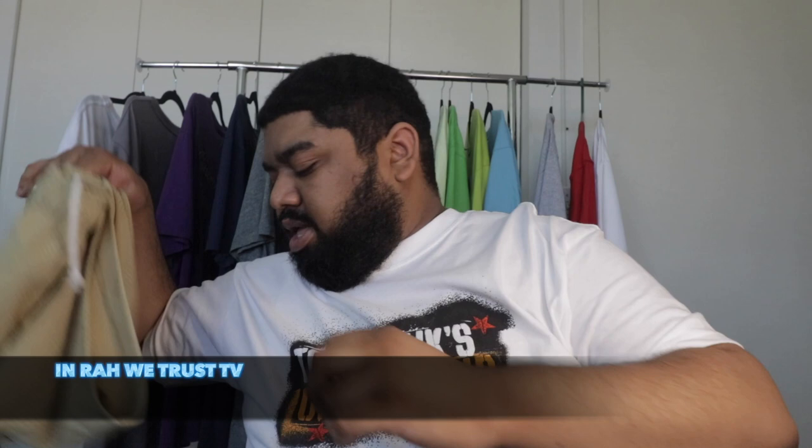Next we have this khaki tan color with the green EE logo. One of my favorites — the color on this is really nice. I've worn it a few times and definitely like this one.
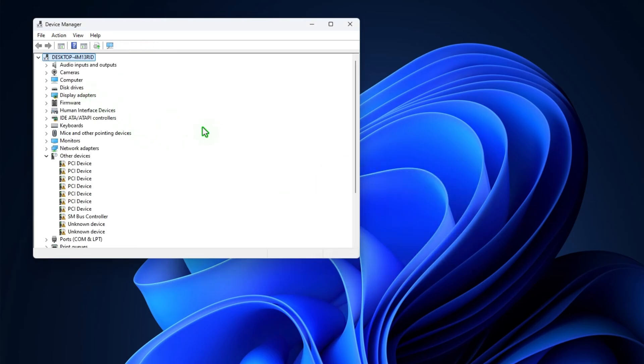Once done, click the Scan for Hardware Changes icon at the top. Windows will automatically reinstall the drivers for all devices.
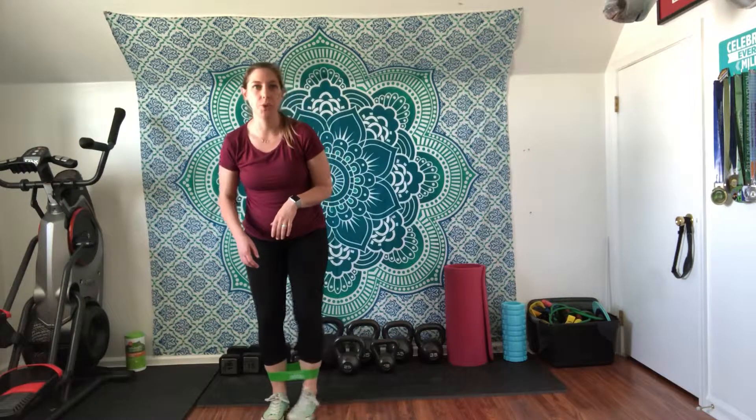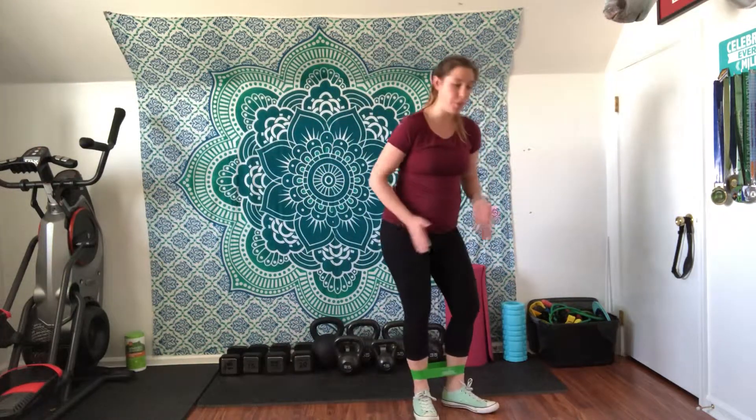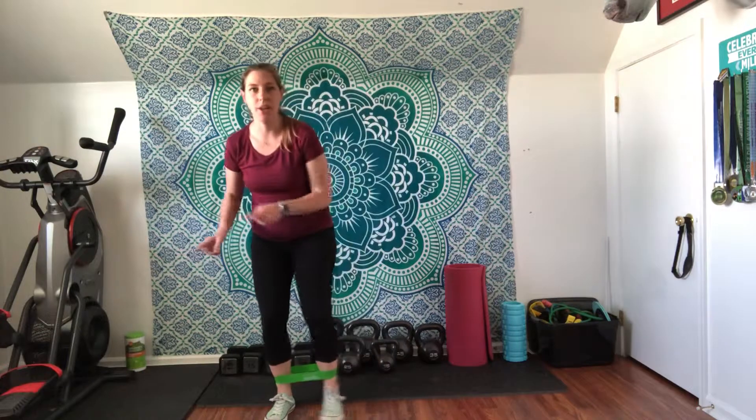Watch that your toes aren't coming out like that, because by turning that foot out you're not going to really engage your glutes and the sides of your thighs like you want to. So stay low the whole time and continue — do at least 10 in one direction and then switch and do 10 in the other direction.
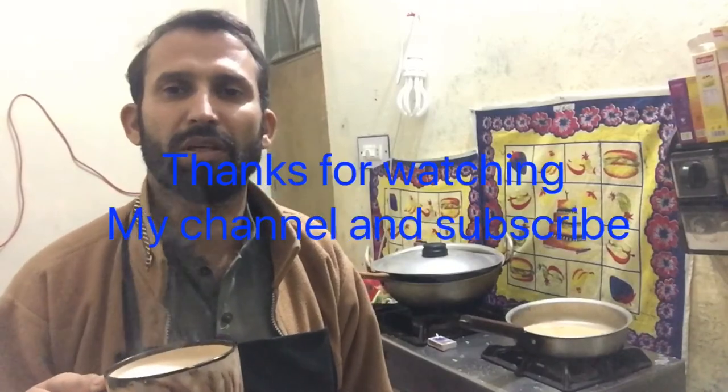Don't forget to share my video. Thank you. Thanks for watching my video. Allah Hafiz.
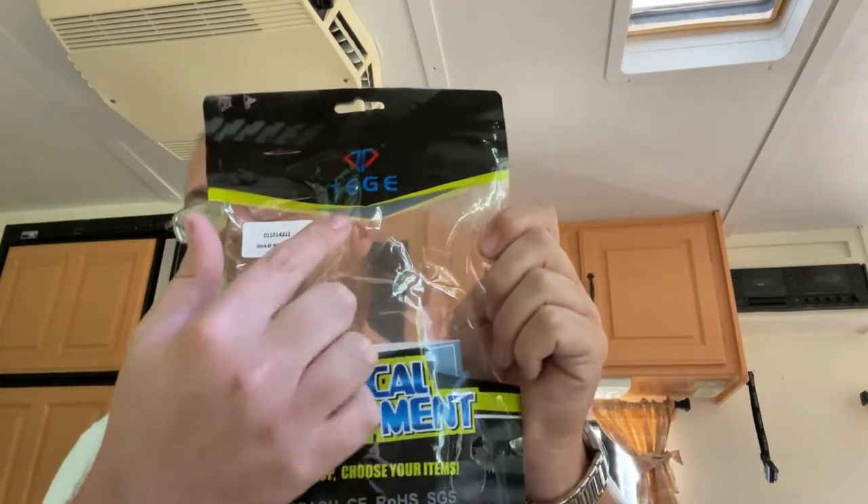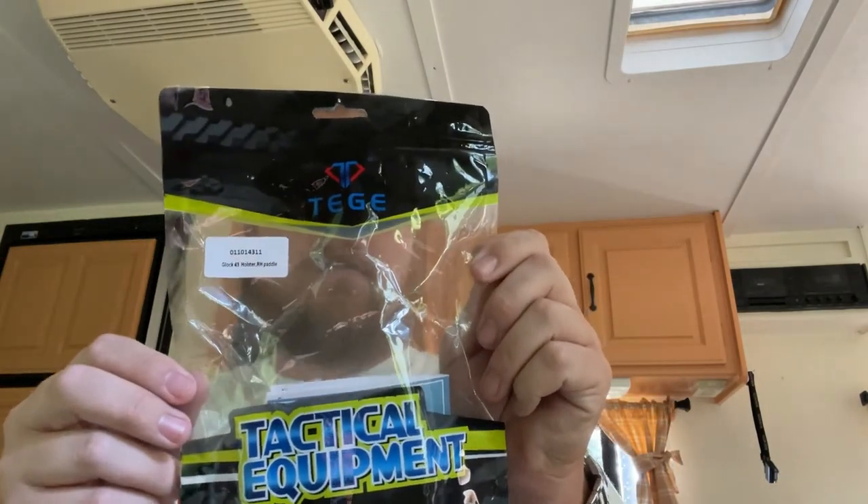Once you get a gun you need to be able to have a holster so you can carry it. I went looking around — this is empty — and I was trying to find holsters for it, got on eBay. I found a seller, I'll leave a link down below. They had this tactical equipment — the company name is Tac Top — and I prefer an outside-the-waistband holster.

### DIRECTIONS FOR THIS TASK
Each line of the data must be restated exactly, and the pictures must be left out.

### WRITTEN SOLUTION
Next we have this khaki tan color with the green EE logo. One of my favorites — the color on this is really nice. I've worn it a few times and definitely like this one.
Once done, click the Scan for Hardware Changes icon at the top. Windows will automatically reinstall the drivers for all devices.
Watch that your toes aren't coming out like that, because by turning that foot out you're not going to really engage your glutes and the sides of your thighs like you want to. So stay low the whole time and continue — do at least 10 in one direction and then switch and do 10 in the other direction.
Don't forget to share my video. Thank you. Thanks for watching my video. Allah Hafiz.
Once you get a gun you need to be able to have a holster so you can carry it. I went looking around — this is empty — and I was trying to find holsters for it, got on eBay. I found a seller, I'll leave a link down below. They had this tactical equipment — the company name is Tac Top — and I prefer an outside-the-waistband holster.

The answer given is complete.